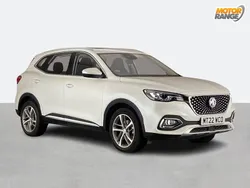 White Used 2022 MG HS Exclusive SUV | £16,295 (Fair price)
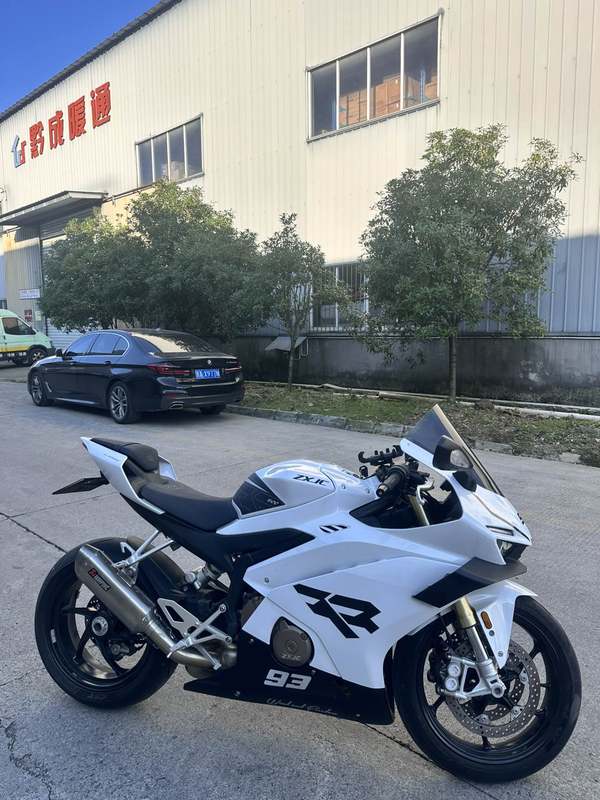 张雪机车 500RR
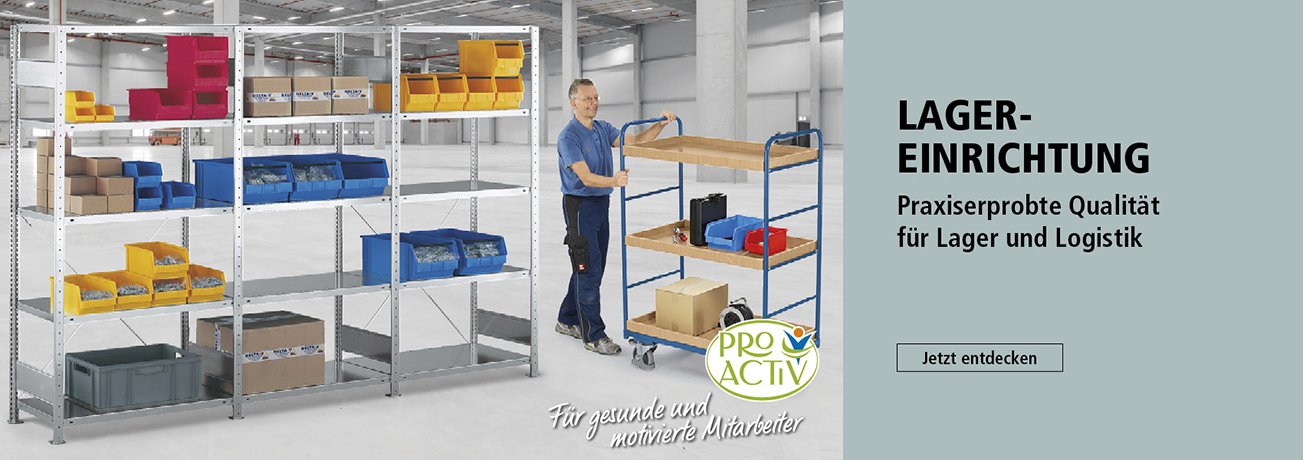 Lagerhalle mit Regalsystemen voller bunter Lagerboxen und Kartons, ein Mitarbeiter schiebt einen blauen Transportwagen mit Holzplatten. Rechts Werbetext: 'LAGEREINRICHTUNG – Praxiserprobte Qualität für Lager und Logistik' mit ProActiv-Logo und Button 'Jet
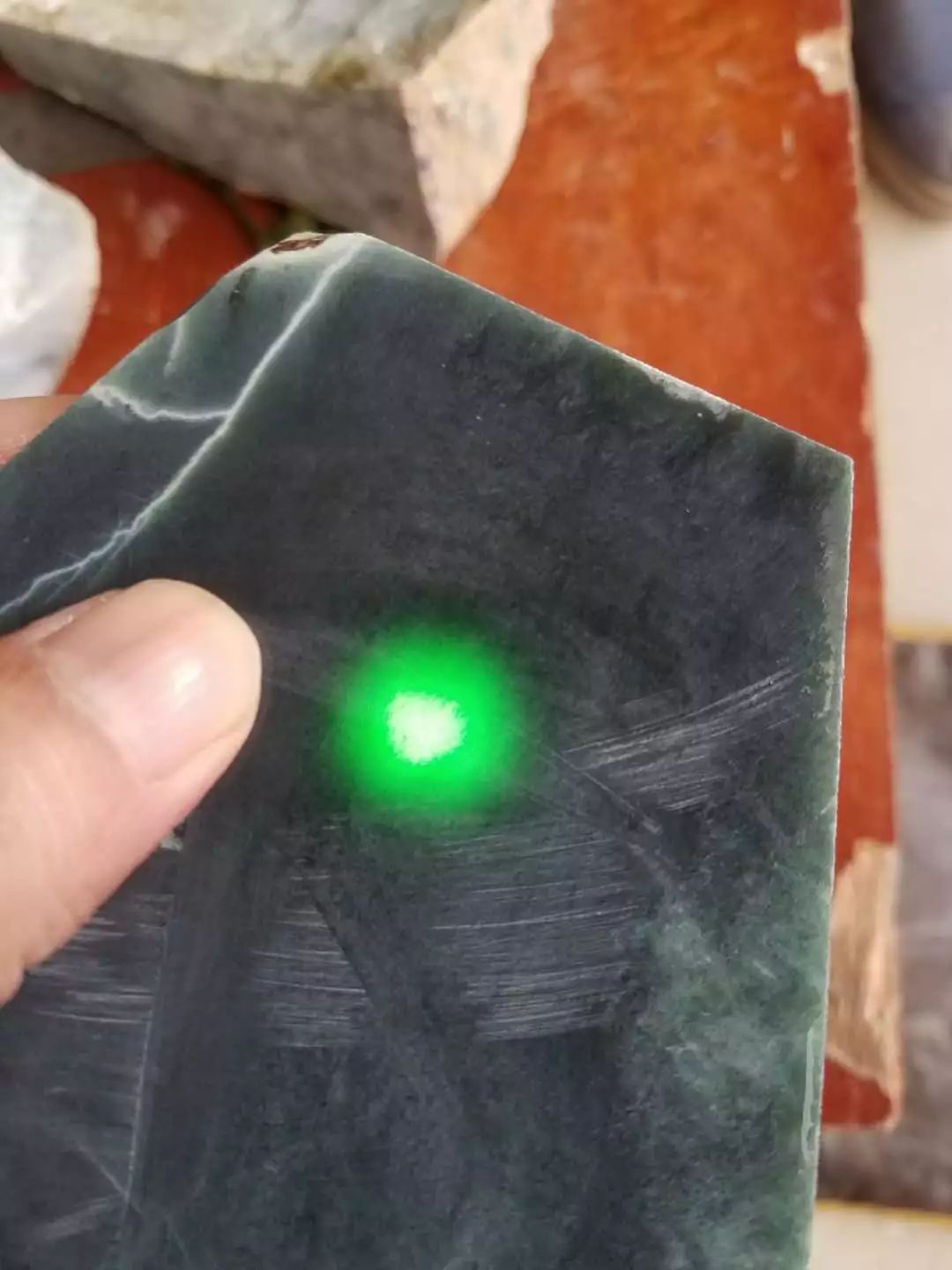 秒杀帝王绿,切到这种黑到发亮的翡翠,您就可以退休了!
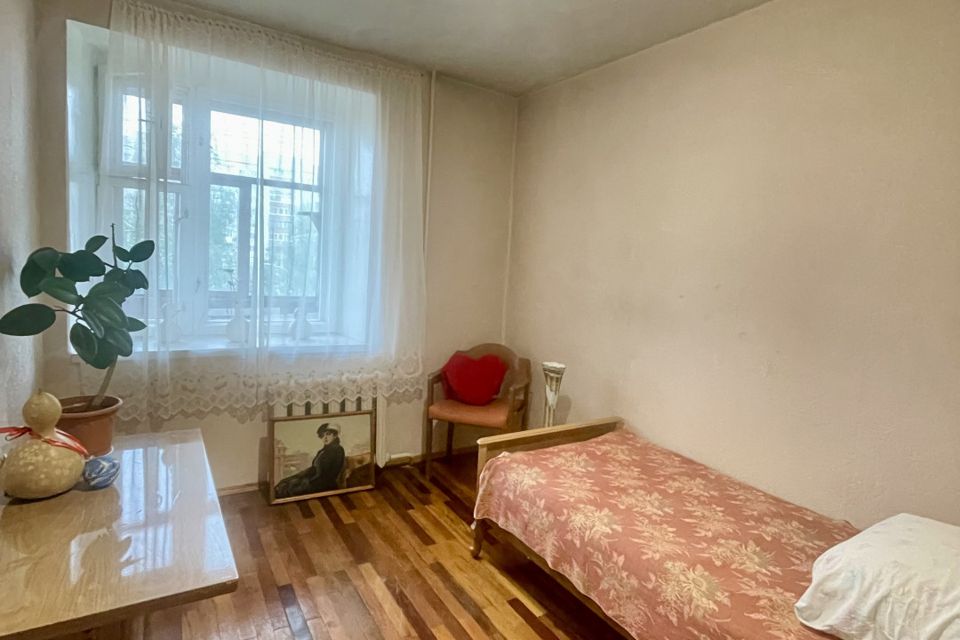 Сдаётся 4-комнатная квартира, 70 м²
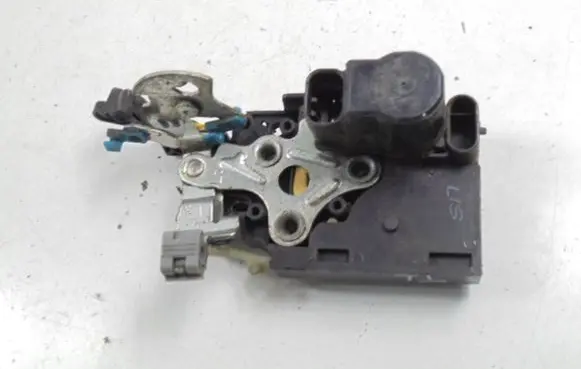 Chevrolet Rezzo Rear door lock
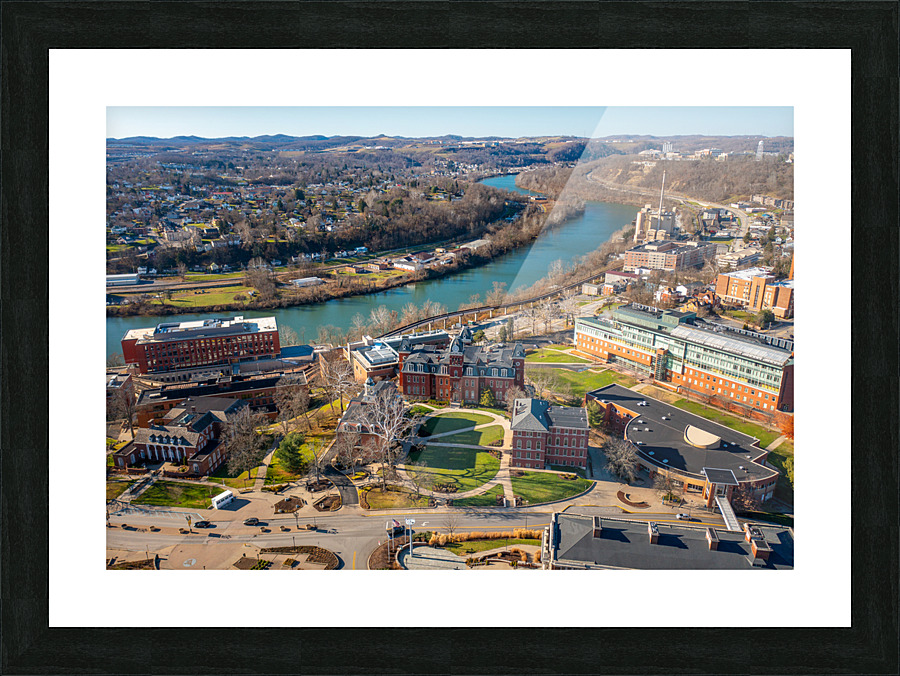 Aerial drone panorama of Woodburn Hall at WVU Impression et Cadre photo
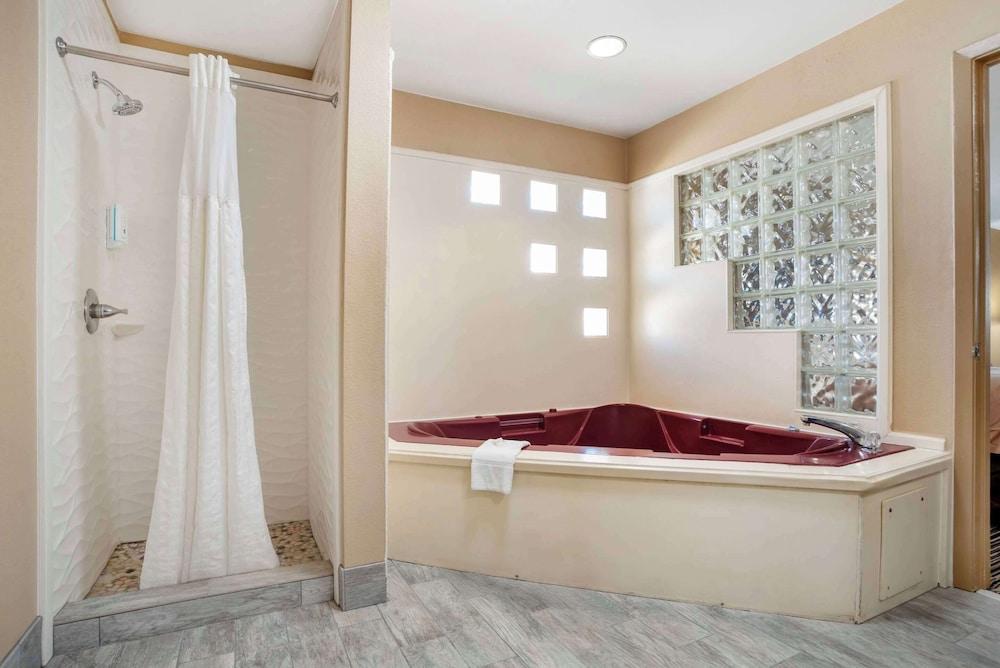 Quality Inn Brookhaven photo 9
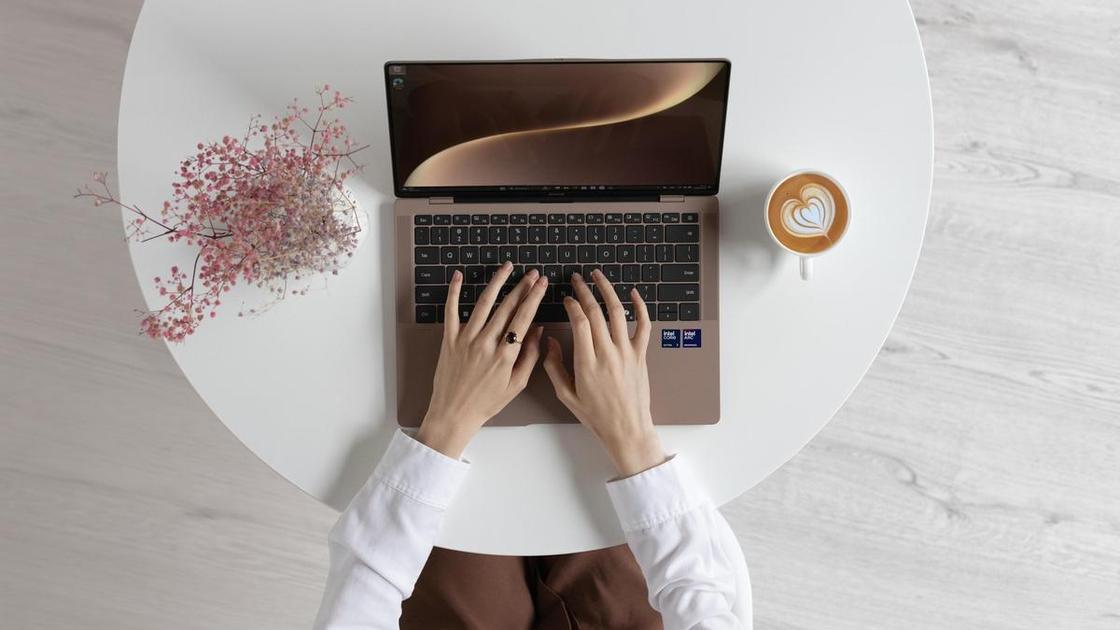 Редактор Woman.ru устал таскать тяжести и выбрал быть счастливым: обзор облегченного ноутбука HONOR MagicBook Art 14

What you need to do:
Would you return the data above exactly as written, minus the images?

Reply to the task:
 White Used 2022 MG HS Exclusive SUV | £16,295 (Fair price)
 张雪机车 500RR
 Lagerhalle mit Regalsystemen voller bunter Lagerboxen und Kartons, ein Mitarbeiter schiebt einen blauen Transportwagen mit Holzplatten. Rechts Werbetext: 'LAGEREINRICHTUNG – Praxiserprobte Qualität für Lager und Logistik' mit ProActiv-Logo und Button 'Jet
 秒杀帝王绿,切到这种黑到发亮的翡翠,您就可以退休了!
 Сдаётся 4-комнатная квартира, 70 м²
 Chevrolet Rezzo Rear door lock
 Aerial drone panorama of Woodburn Hall at WVU Impression et Cadre photo
 Quality Inn Brookhaven photo 9
 Редактор Woman.ru устал таскать тяжести и выбрал быть счастливым: обзор облегченного ноутбука HONOR MagicBook Art 14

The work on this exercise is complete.